Removing device from maintenance schedule in USM throws error

book

Article ID: 141667

calendar_today

Updated On:

Products

NIMSOFT PROBES DX Infrastructure Management

Issue/Introduction

 

every time we try to remove a device from a maintenance schedule in USM, we get the following error. 

We checked the maintenance_mode logfile and the problem seems to be related to EMS. However, EMS seems to be working fine and restarting EMS does nothing to fix the problem. 

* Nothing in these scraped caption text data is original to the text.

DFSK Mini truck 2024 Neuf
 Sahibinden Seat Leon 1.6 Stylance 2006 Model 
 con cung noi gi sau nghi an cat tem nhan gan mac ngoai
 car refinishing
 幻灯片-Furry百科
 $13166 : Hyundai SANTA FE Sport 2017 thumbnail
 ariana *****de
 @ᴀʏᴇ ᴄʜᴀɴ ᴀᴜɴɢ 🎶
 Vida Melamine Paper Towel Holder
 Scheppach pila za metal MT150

We then restarted the maintenance_mode probe and still have the same problem.

Please advise. 

Here is the error from USM. You can also find it in the maintenance_mode log 

An unknown error has occurred.
Refreshing your browser may resolve the issue.

Details:
com.firehunter.ump.exceptions.DataFactoryException : I/O error on nim session (C) com.nimsoft.nimbus.NimNamedClientSession(Socket[addr=/xxxxxxx,port=48039,localport=64650])
Please check the log for more information.
Stack Trace:
(2) communication error, I/O error on nim session (C) com.nimsoft.nimbus.NimNamedClientSession(Socket[addr=/xxxxxxx,port=48039,localport=64650]): Read timed out
 at com.nimsoft.nimbus.NimSessionBase.recv(NimSessionBase.java:930)
 at com.nimsoft.nimbus.NimSessionBase.sendRcv(NimSessionBase.java:578)
 at com.nimsoft.nimbus.NimSessionBase.sendRcv(NimSessionBase.java:561)
 at com.nimsoft.nimbus.NimClientSession.send(NimClientSession.java:171)
 at com.nimsoft.nimbus.NimRequest.sendImpersonate(NimRequest.java:264)
 at com.nimsoft.nimbus.pool.NimRequestPool.sendImpersonate(NimRequestPool.java:92)
 at com.nimsoft.nimbus.pool.NimRequestPool.sendImpersonate(NimRequestPool.java:74)
 at com.nimsoft.nimbus.pool.NimRequestPool.send(NimRequestPool.java:66)
 at com.nimsoft.nimbus.pool.NimRequestPoolInstance.send(NimRequestPoolInstance.java:191)
 at com.firehunter.umpportlet.PDSUtils.send(PDSUtils.java:122)
 at com.firehunter.usm.Maintenance.removeMaintenanceSystems(Maintenance.java:318)
 at com.firehunter.usm.DataFactory.removeMaintenanceSystems(DataFactory.java:8290)
 at com.firehunter.usm.DataFactory.removeMaintenanceSystems(DataFactory.java:8282)
 at sun.reflect.NativeMethodAccessorImpl.invoke0(Native Method)
 at sun.reflect.NativeMethodAccessorImpl.invoke(NativeMethodAccessorImpl.java:62)
 at sun.reflect.DelegatingMethodAccessorImpl.invoke(DelegatingMethodAccessorImpl.java:43)
 at java.lang.reflect.Method.invoke(Method.java:498)
 at flex.messaging.services.remoting.adapters.JavaAdapter.invoke(JavaAdapter.java:418)
 at flex.messaging.services.RemotingService.serviceMessage(RemotingService.java:183)
 at flex.messaging.MessageBroker.routeMessageToService(MessageBroker.java:1400)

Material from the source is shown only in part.